■ Crawled caption data:
■ ■ ■ ■ ■
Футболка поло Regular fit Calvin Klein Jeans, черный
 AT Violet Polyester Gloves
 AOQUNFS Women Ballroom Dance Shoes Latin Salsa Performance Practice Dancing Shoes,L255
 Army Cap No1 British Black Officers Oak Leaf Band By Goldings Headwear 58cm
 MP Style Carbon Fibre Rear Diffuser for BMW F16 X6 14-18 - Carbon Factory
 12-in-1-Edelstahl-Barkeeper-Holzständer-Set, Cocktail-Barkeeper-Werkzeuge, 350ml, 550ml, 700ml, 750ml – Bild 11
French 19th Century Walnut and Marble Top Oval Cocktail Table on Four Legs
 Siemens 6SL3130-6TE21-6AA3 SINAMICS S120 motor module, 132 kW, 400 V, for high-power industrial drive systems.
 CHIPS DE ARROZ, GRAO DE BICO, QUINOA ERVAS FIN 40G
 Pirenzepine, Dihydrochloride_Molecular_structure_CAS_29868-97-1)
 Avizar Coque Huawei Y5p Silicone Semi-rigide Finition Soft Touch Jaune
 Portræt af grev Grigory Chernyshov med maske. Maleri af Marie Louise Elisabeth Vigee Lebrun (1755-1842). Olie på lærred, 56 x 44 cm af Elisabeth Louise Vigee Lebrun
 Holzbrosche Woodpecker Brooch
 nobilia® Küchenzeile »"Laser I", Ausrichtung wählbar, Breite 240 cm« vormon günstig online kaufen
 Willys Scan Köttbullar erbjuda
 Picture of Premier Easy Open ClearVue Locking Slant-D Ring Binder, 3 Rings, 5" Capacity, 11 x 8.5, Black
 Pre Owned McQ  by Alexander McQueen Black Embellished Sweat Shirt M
■ ■ ■ ■ ■
Work out how many lines above contain "Cocktail", then write only that number.

■ RESPONSE TO THE EXERCISE: 2